A Textbook F# Recursive Algorithm
Let's begin by looking at a basic F# recursive algorithm using a List
. This one just takes a list of numbers and adds them up.
let l = [1..10]
let rec SumList l =
match l with
head::tail -> head + Sum tail
| [] -> 0
SumList l
This is a typical example of how recursion is used in F# to elegantly describe an algorithm. The way the numbers are added here is the list is divided into two parts: the first element: the head, and the other elements: the tail. The value of the whole list is the value of the head plus the value of the tail. Duh. The function calls itself again with the tail (which each time is one element shorter than the list passed in) until there is no more tail. That's what the []
stands for, the empty list. When it comes across that, it returns 0
. Now it goes back up the stack adding up all the numbers and tadaa: the result.
Typically when you'd write an algorithm like the one above, the data isn't hardcoded in there, you load that data from somewhere into a list and then apply the logic. The problem with this is however that now that entire set has to be loaded into memory. This can be a challenge when the dataset is big. It would be nicer on memory if we could load only a portion of that data into memory to run the algorithm on, dispose of that and then read the next portion.
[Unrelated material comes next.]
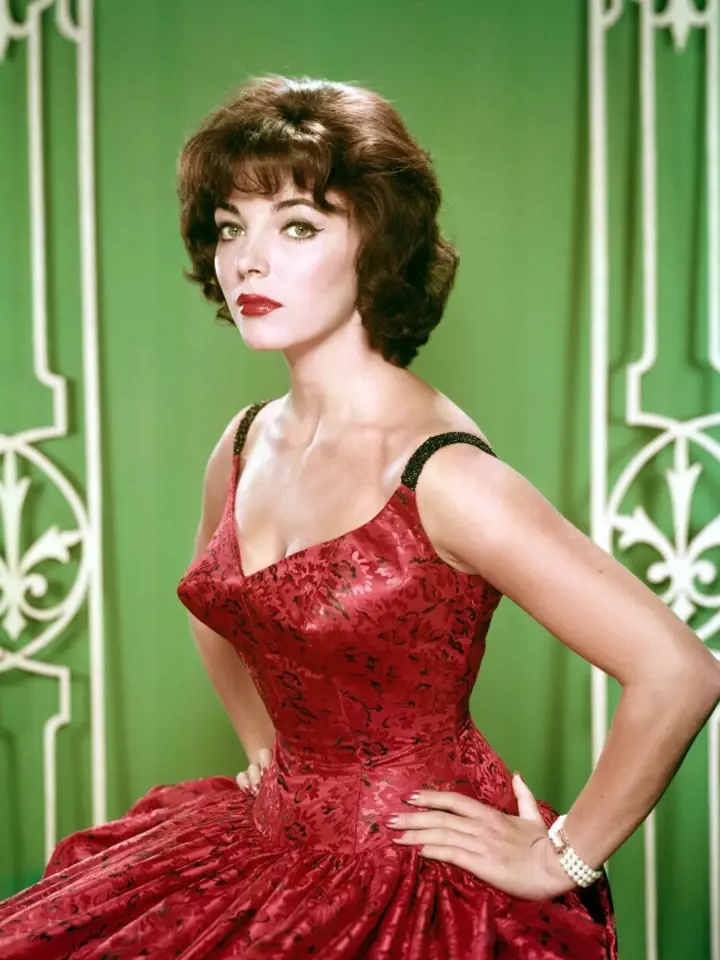 Joan byla v 50. letech hlavní konkurentkou Elizabeth Taylor.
Doing That with a DataReader
Here's the same algorithm, but now using a DataReader
instead of a list
. (Note: Do not run off now and use this code in production because it will fail miserably as we will demonstrate).
let rec SumReader (dr:IDataReader) =
match dr.Read() with
true -> dr.GetInt32(1) + SumReader dr
| false -> 0
This works pretty much the same as the example above. It accepts an IDataReader
, but instead of splitting that into a head and a tail, it calls movenext
on it. That returns true
if there is a new current element, and false
if not. If there was a next element, it adds the value of that to the value of the rest of the elements in the reader. Just like the example above, it keeps doing that until there is no next element, then it unwinds the stack to add all the numbers together.
Oops... No Tail Call
Using the algorithm above works fine for smaller datasets, but throws a StackOverflowException
on larger ones. As far as Exceptions go, that's about as bad as they come. You can't catch them, when one is thrown in your code, it's lights out. The whole point of using a reader over a list was to be able to handle larger datasets, so we're clearly not there yet.
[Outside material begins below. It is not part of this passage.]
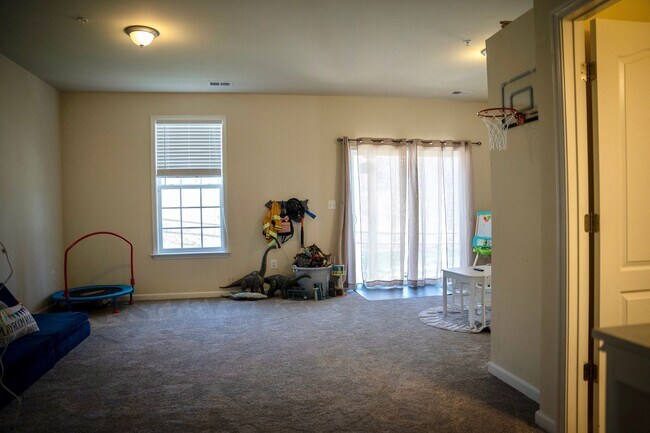 Foto del edificio - Lovely 4 BR/3.5 BA Townhome in Upper Marlb...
The reason we get this exception is because we're not making a tail call. F# uses a technique called Tail Call Optimization (TCO, explained here, here and here) to make code run more efficiently. Basically, what that does is take a recursive function and rewrite that as an iterative one. When the original function meets a couple of criteria, this can be done pretty easily, the major criterion being that the call to itself must be the last thing the function does in that branch. When rewritten, the function now no longer calls itself but does a loop, which is more efficient because there are no more pushes to, and pops from, the stack. Pushes to the stack is what killed us, TCO is what we want.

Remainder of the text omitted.